We recently had to decide on a configuration format for one of our internal utilities. In this post I’ll talk a little about why we picked YAML as the format and the reasoning behind it.
WireLoad has a couple of servers, each running a number of different services. For a long time we had almost one backup script per service, all hand hacked in bash to fit the requirements of the application. This wasn’t great because it meant we repeated a lot of work. To make the situation a little more manageable we developed BackupWire, a simple backup utility in a single file with a minimal number of dependencies.
The design goals of BackupWire were,
- Minimal footprint: BackupWire shouldn’t be much heavier than the bash scripts we already had. Why? Because if it was huge and difficult to deploy we might end up writing little bash scripts instead!
- Minimal dependencies: BackupWire should not have many dependencies. This is for the same reason as in the previous point. BackupWire needs to be easy to install.
- Readable configuration: One of the problems with bash scripts is that once they’re a little complicated it gets hard to see what’s happening. BackupWire’s real purpose is to alleviate that headache by distilling most backup jobs down to a few lines of configuration.
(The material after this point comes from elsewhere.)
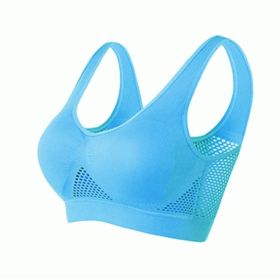 Women Yoga Underwear Padded Crop Tops Underwear Gym Top Yoga Sport Bra Breathable Fitness Running Vest Yoga Bras Sports Type (Color: Blue, size: 5XL)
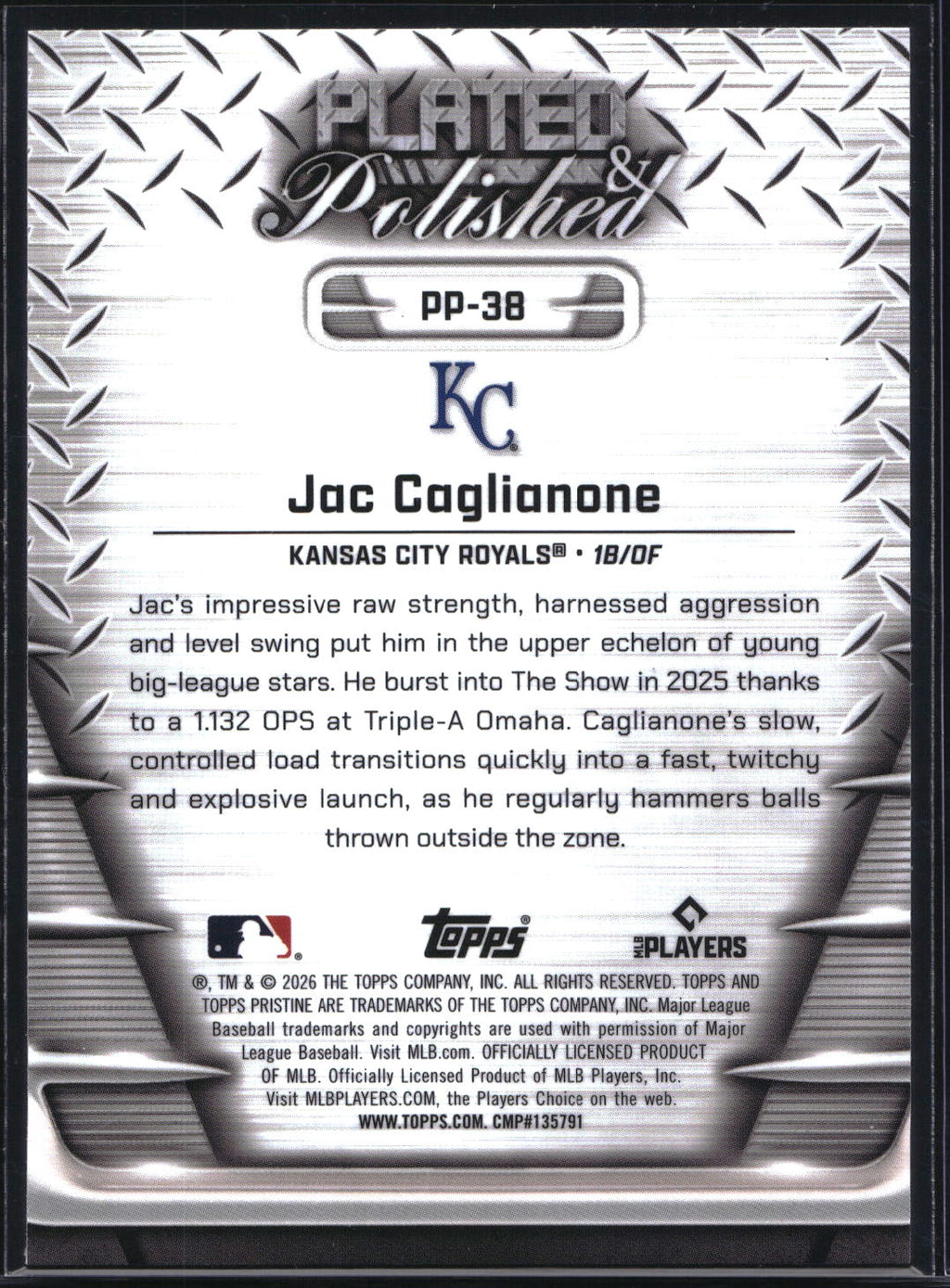 2026 Topps Pristine #PP-38 Jac Caglianone Plated And Polished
In order to make everything dead simple the configuration was stored in the BackupWire script itself. This would make it easier to relocate the script, and it would decrease the chance that a config file was not found due to things such as the cron environment being sparse. However, this design decision made it hard to update the script with new versions. In addition, the configuration format became a little cumbersome because it was just a set of Python class instantiations. Hence this feature went against the third design goal of BackupWire. The latest version now uses a configuration file instead.
Thinking that the world really doesn’t need another arbitrary configuration syntax, I wanted to pick a standardized configuration format. So I read up on Wikipedia’s entry on configuration files and found the top three contenders: Lua, XML and YAML.
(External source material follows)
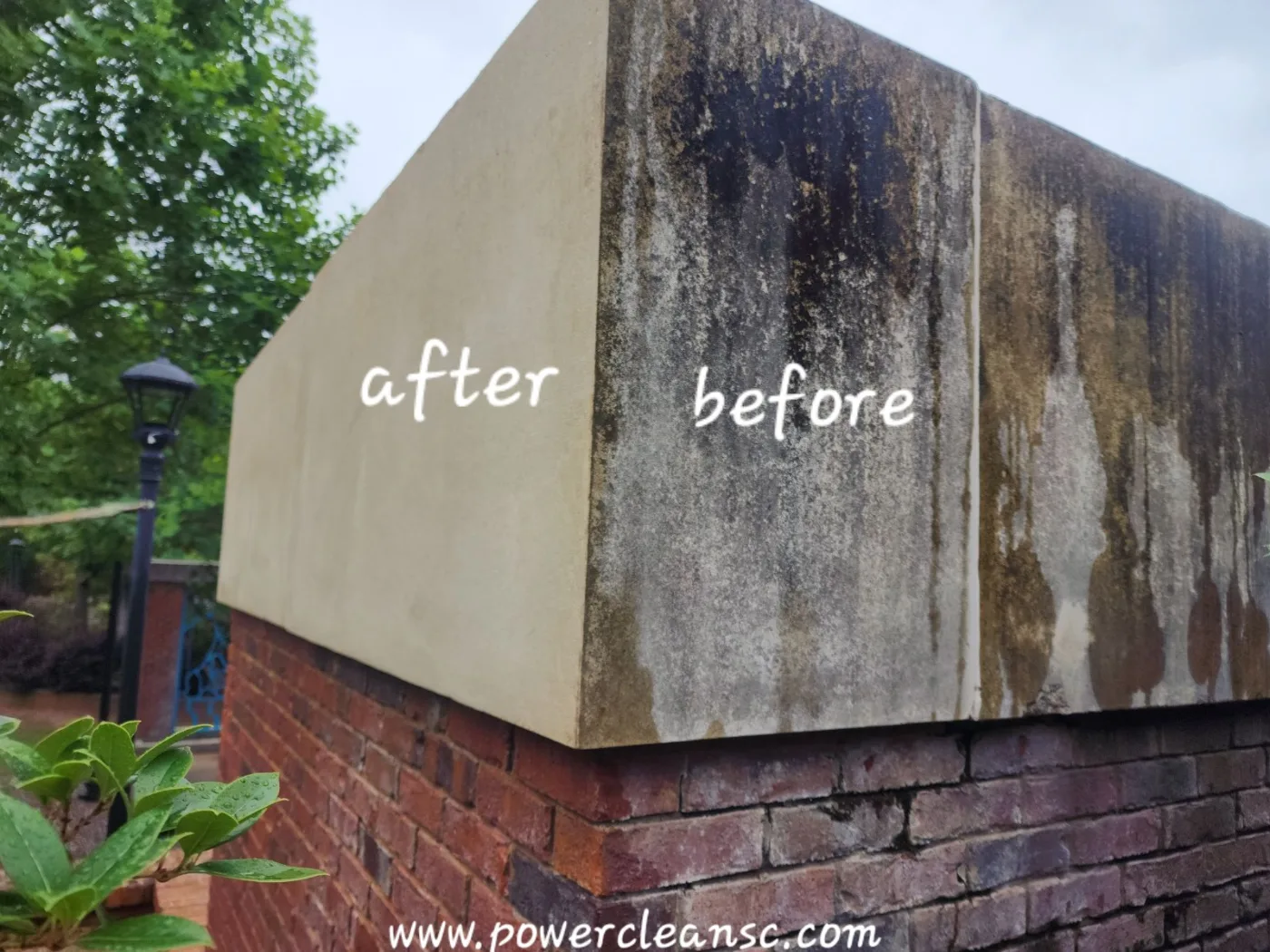 Brick column cap before and after pressure washing by Power Clean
Lua, being a programming language these days, looked like it would add too many dependencies to BackupWire. BackupWire is written in Python, which we already have on all servers, but Lua we don’t use for anything else so it would be a new requirement which would have to be installed on each server. Also, it just struck me as a little excessive to have a full blown second programming language as a configuration format unless the application was really complex.
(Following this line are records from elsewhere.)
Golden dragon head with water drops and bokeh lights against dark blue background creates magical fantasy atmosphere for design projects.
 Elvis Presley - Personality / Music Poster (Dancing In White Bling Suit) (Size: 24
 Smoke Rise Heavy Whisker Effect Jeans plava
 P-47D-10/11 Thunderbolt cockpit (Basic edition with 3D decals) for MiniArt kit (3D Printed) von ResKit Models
The other problem with Lua was that googling Lua config tutorial didn’t really give that many good results, making me think that perhaps the focus of the language has shifted from configuration to something else over time.
XML was immediately off the table, perhaps obviously to some of our readers. Most importantly XML is not a very readable language with it’s abundance of symbols and markup. But also, it’s not very easy to write for the same reason. The people behind Django’s documentation put it best when they said, “Making humans edit XML is sadistic!”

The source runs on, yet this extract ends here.